* **SUPPLIED INFORMATION**:

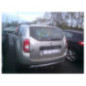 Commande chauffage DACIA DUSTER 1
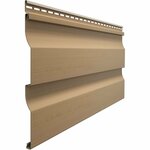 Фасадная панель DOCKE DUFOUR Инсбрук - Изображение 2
==
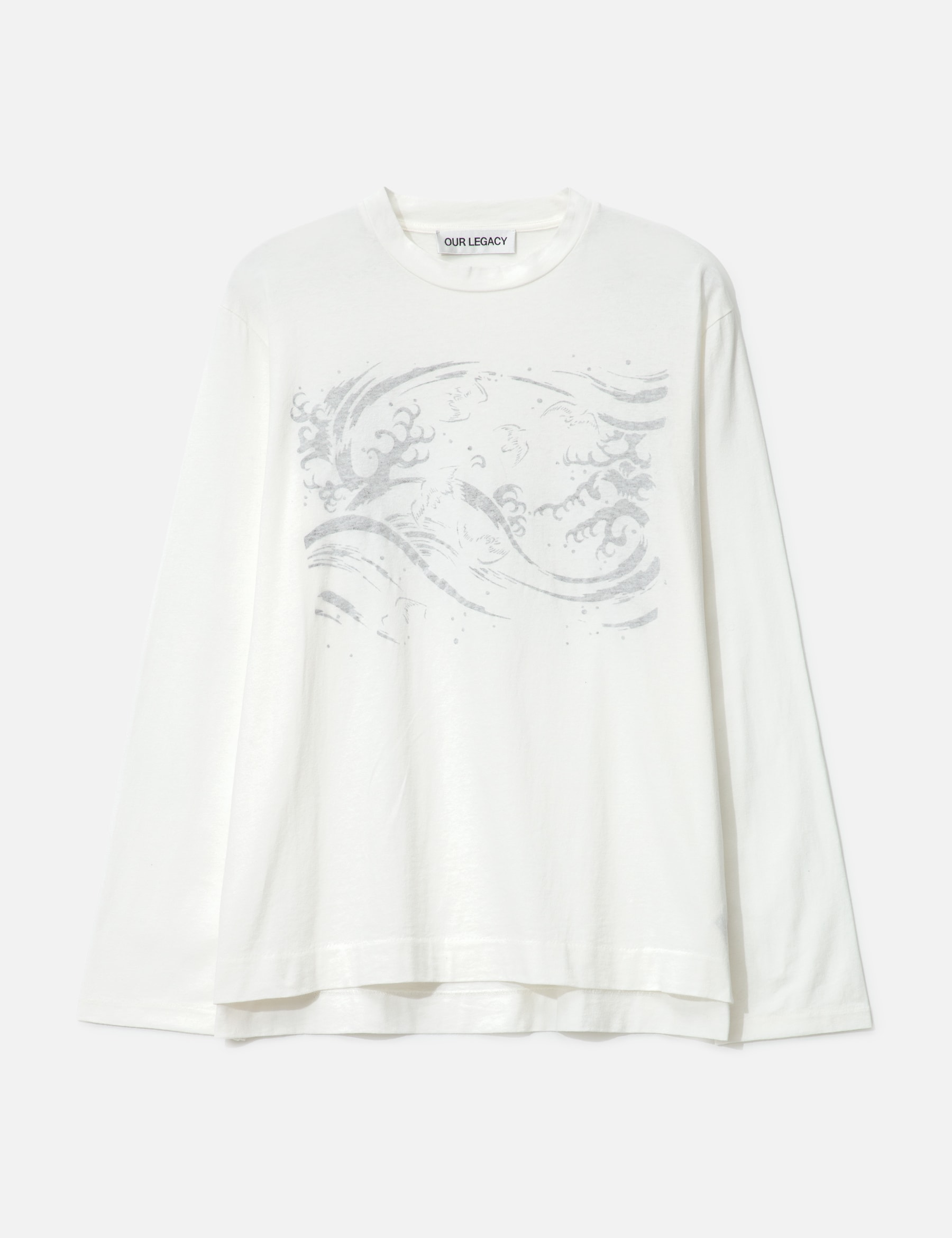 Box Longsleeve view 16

* **WHAT YOU ARE ASKED TO DO**: Within the material above, find the part that opens with the line containing "Commande chauffage DACIA DUSTER 1" and closes with the line containing "Фасадная панель DOCKE", and reproduce it exactly without the pictures.

* **ANSWER FOR THE TASK**:
 Commande chauffage DACIA DUSTER 1
 Фасадная панель DOCKE DUFOUR Инсбрук - Изображение 2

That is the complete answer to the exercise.